### Task objective
Transcribe each record exactly, but omit pictures.

Data under study: Begin

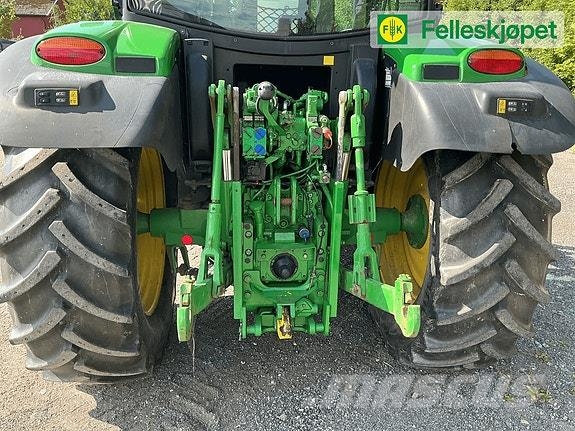 John Deere 6125R 40 KM Tratores Agrícolas usados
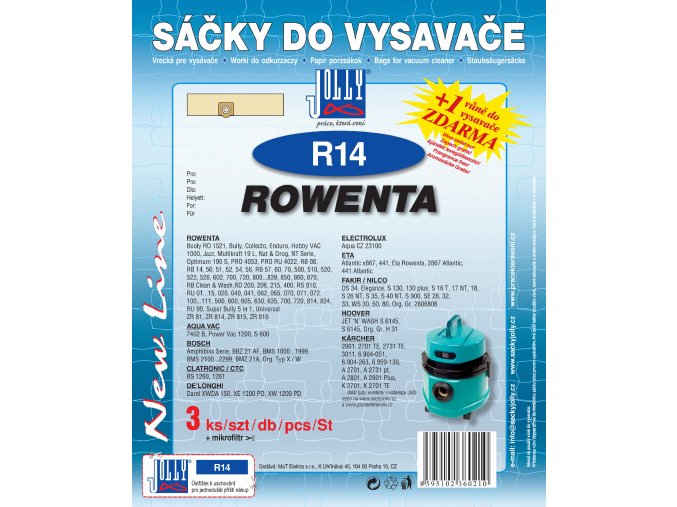 Jolly R14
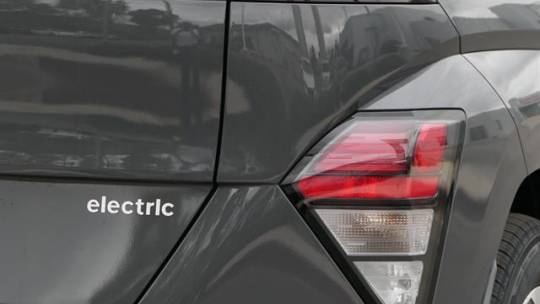 2025 Hyundai Kona Electric KM8HC3A65SU028656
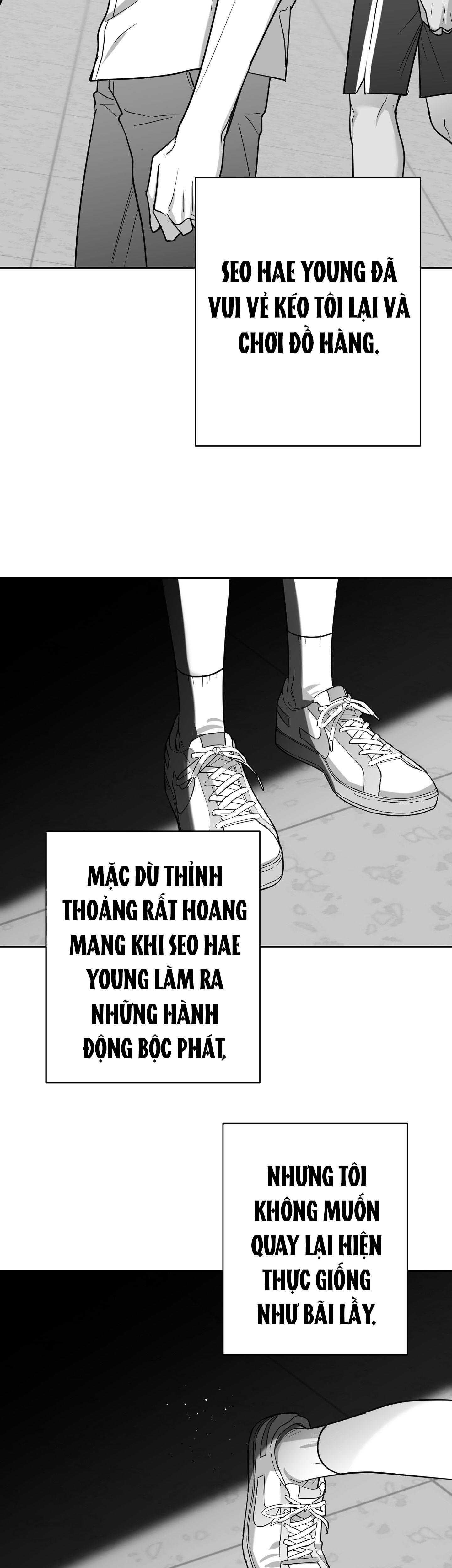Đọc truyện NON ZERO SUM - Chapter 36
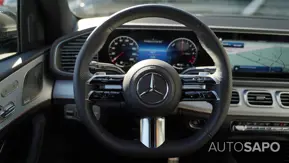 Mercedes-Benz Classe GLE de 2024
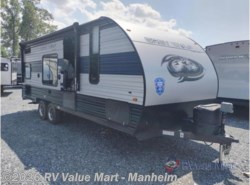 Used 2022 Forest River Cherokee Grey Wolf 22MKSE available in Manheim, Pennsylvania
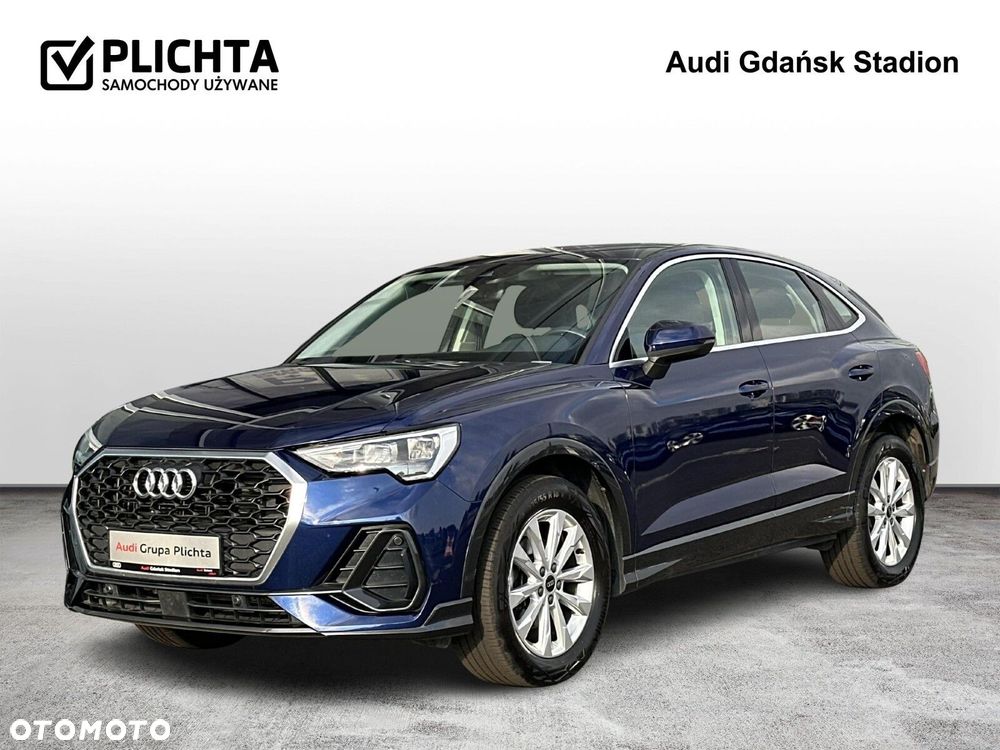 Audi Q3 Sportback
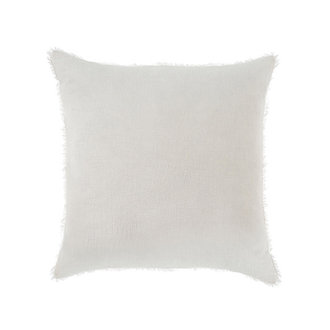 Coussin Luna Blanc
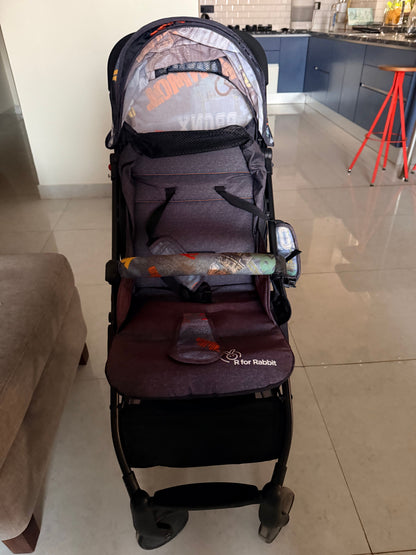 R for Rabbit Pocket Stroller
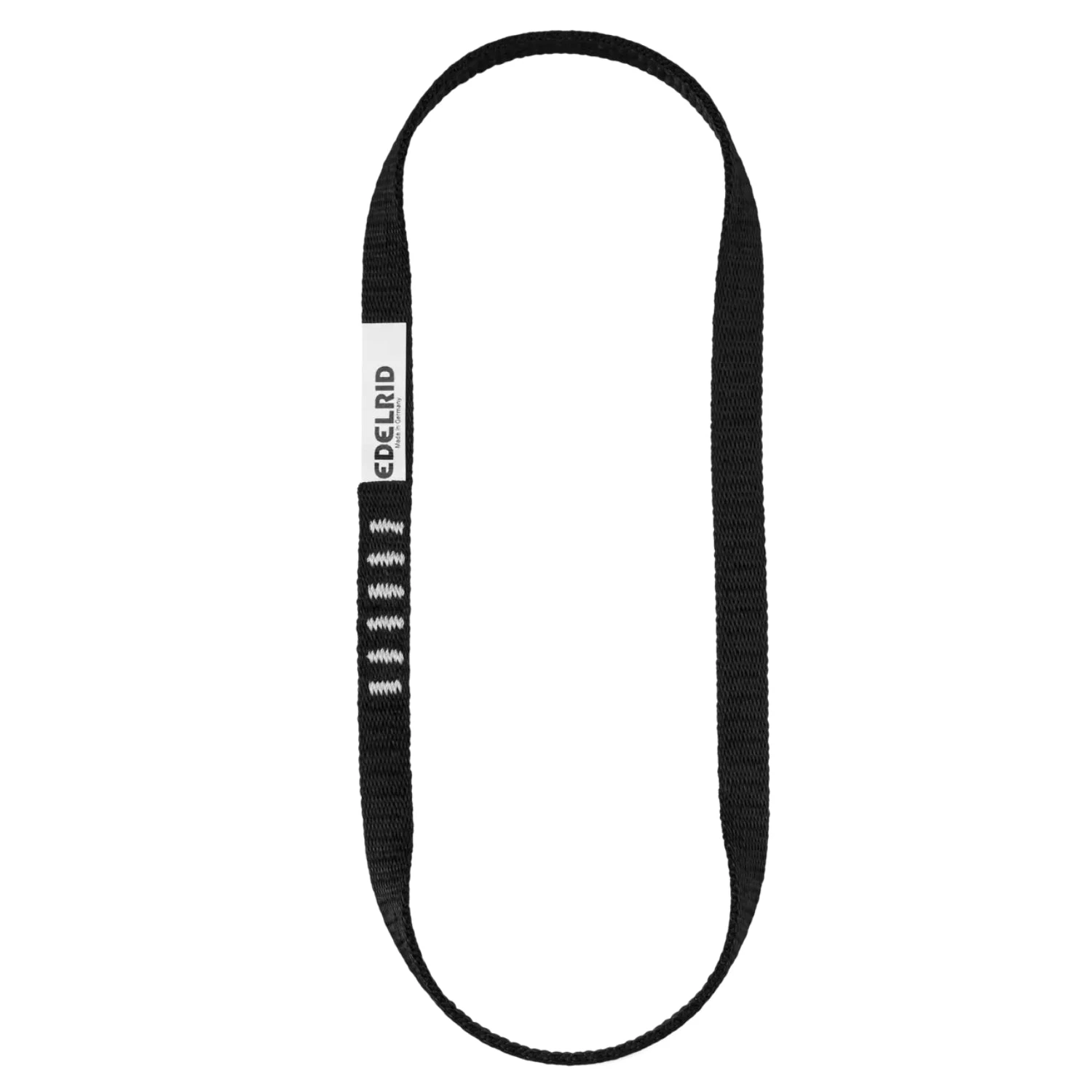 Edelrid Tech Web Sling 12mm X 240cm (Black) 2 Edelrid Tech Web Sling 12mm X 240cm (Black) - Image 2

Data under study: End

### Response
 John Deere 6125R 40 KM Tratores Agrícolas usados
 Jolly R14
 2025 Hyundai Kona Electric KM8HC3A65SU028656
Đọc truyện NON ZERO SUM - Chapter 36
 Mercedes-Benz Classe GLE de 2024
 Used 2022 Forest River Cherokee Grey Wolf 22MKSE available in Manheim, Pennsylvania
 Audi Q3 Sportback
 Coussin Luna Blanc
 R for Rabbit Pocket Stroller
 Edelrid Tech Web Sling 12mm X 240cm (Black) 2 Edelrid Tech Web Sling 12mm X 240cm (Black) - Image 2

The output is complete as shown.